« 2003-2024 : l’hôpital public toujours en crise, mais les soignants, eux, n’y croient plus »
Date de publication : 16 janvier 2024

C’est ce que titre Libération, qui, « à l’occasion de la rediffusion d’un documentaire de Stéphane Mercurio sur l’hôpital de Gonesse réalisé en 2003, [fait un] retour sur les difficultés de l’établissement, que les autorités se révèlent incapables de résoudre ».
Eric Favereau observe ainsi : « C’était il y a 21 ans, presque jour pour jour. Nous sommes en janvier 2003. Jean-François Mattei est ministre de la Santé et, à cette époque, les hôpitaux ne font pas encore les gros titres des journaux concernant leur effondrement annoncé. Pourtant, voilà que durant cet hiver, la documentariste Stéphane Mercurio […] pose sa caméra dans les couloirs de l’hôpital de Gonesse (Val-d’Oise) ».
Le journaliste constate que « son film, Hôpital aux bords de la crise de nerfs, est encore aujourd’hui ahurissant d’actualité.

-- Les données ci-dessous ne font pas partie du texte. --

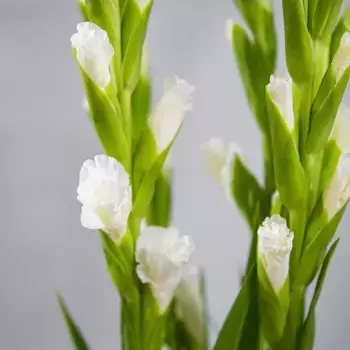 Букет из 5 белых гладиолусов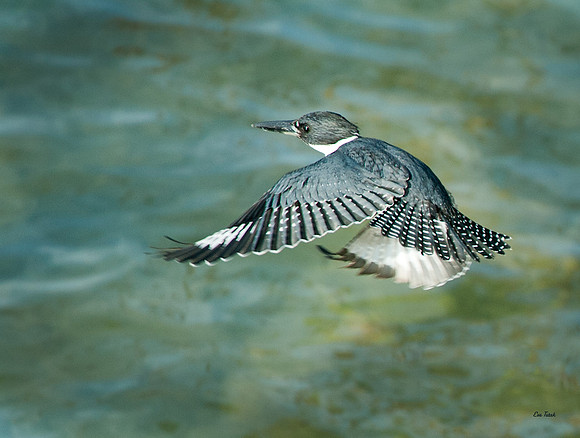 Belted Kingfisher Flying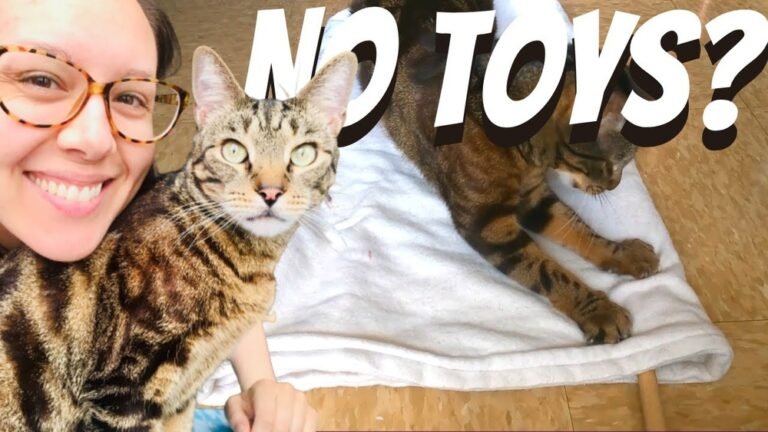 How to Play With a Cat Without Toys: Easy & Fun Tips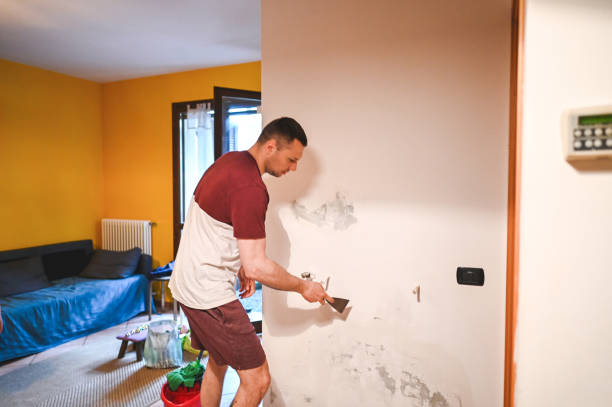 Best Mold Cleaning Services  in Anniston, AL
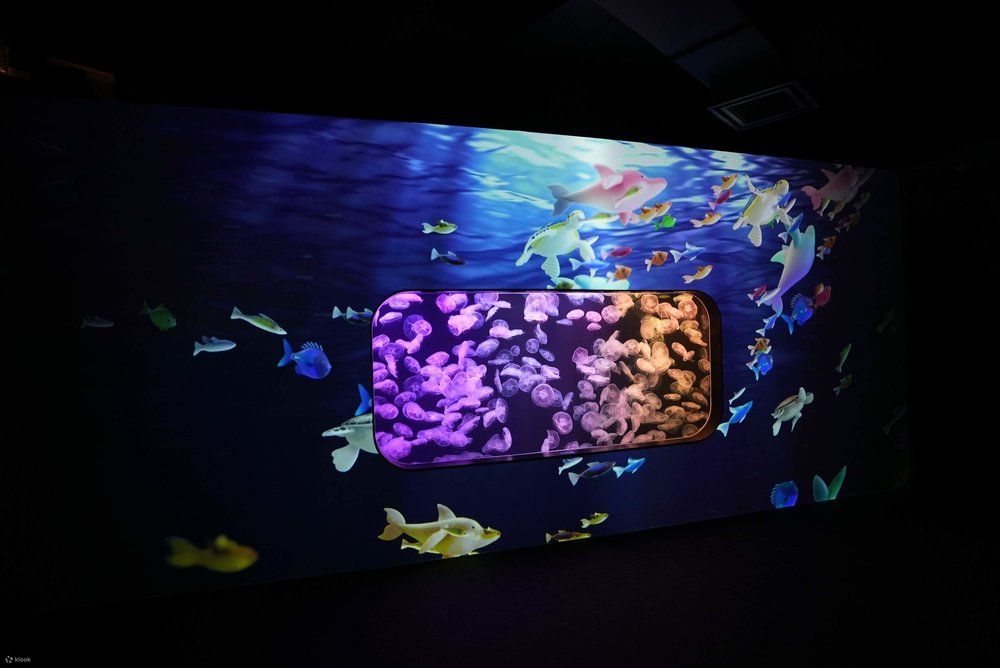  Acrylic Window Projection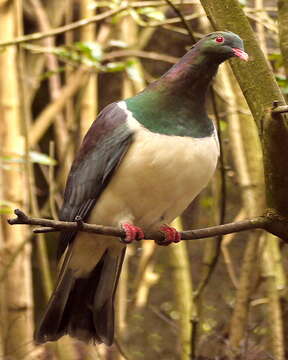 Image of Kererū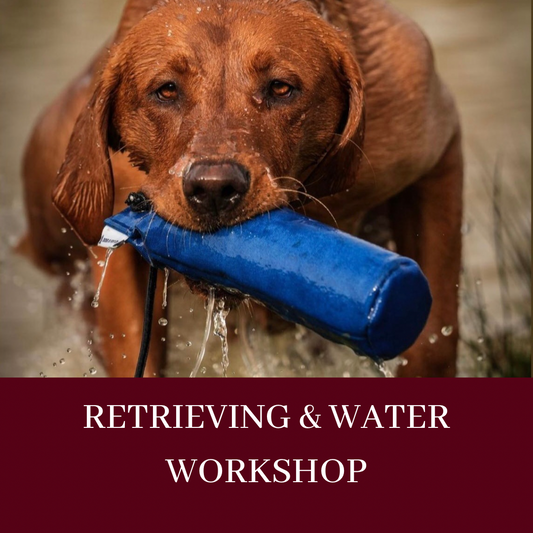 RETRIEVING & WATER WORKSHOP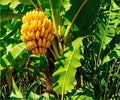 Dwarf Cavendish Banana Tree Live Plants Set of 4 – Tropical Indoor Outdoor Fast-Growing Foliage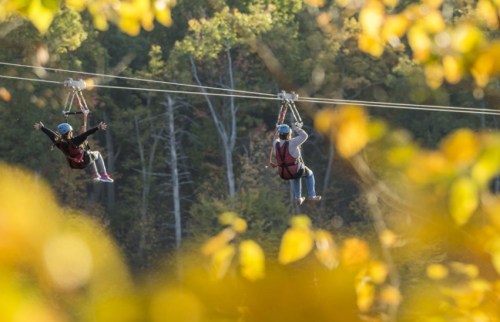 Two people ziplining through a forest with autumn leaves, surrounded by vibrant fall colors.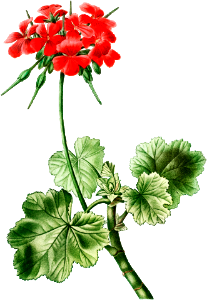 Scarlet geranium (Geranium inquinans) from Traité des Arbres et Arbustes que l’on cultive en France en pleine terre (1801–1819) by Pierre-Joseph Redouté.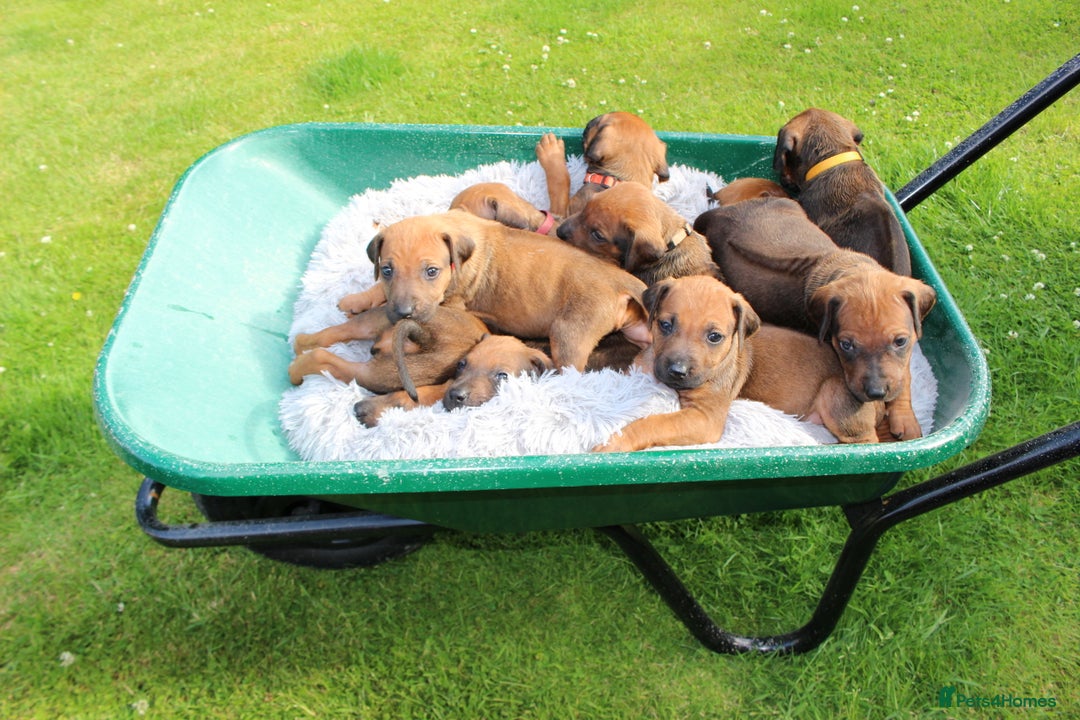 Rhodesian Ridgeback dogs for sale: Stunning Rhodesian RidgeBack Pups.. - Image 26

On dirait un disque rayé. Comme si rien ne s’était passé, et qu’en un peu plus de 20 ans, tout était resté en place. Les mêmes blocages, les mêmes impuissances, les mêmes désarrois. Mais avec une différence de taille : à l’époque, on était au bord du gouffre, mais on y croyait encore ».
Eric Favereau observe qu’« on a le sentiment d’entendre des discussions d’aujourd’hui, au mot près. «Il faut 3 ans et demi pour former une infirmière», lâche ainsi un médecin, qui sous-entend que, dans 3 ans, les choses iront mieux. Ce ne sera pas franchement le cas. «Des malades sans infirmières, vous connaissez le risque ? Soit vous mettez en danger les malades, soit le personnel. Je ne vois pas de solution, c’est abominable, on fait du tri», insiste une infirmière ».

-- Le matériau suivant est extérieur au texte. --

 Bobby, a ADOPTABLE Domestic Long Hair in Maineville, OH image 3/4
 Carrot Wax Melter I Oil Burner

Le journaliste souligne que « l’hôpital de Gonesse n’est pas un cas isolé. Lors d’une réunion, la direction financière lâche : «La situation est catastrophique partout, dans tous les établissements du département. Cette année, les hôpitaux ne savent pas comment pas faire. Les économies ont été faites depuis 1997, il faudra faire des choix» ».
Eric Favereau de conclure : « Au final, on reste ahuri. C’était il y a 21 ans. A qui la faute ? Où sont les responsables ? Pourquoi aucune explication sur cette impuissance chronique ? Interrogé récemment, Jean-François Mattei, ministre à l’époque, nous avait expliqué que les mesures qu’il avait prises devaient mettre 20 ans à donner leurs pleins effets. Puis il y a eu la loi Bachelot, censée changer la donne. […] ».

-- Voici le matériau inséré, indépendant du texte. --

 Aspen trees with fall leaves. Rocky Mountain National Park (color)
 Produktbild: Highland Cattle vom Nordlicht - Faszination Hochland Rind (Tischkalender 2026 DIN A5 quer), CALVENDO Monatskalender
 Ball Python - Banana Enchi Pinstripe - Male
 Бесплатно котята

« Et pourtant, Gonesse est toujours en crise de nerfs. Par rapport à ce travail de 2003, la différence, aujourd’hui, est néanmoins de taille. Le personnel soignant et médical s’interroge sur le sens de son métier. Il n’y croit plus, et encore moins à l’annonce des 32 milliards d’euros faite ce week-end par le Premier ministre, Gabriel Attal », relève le journaliste.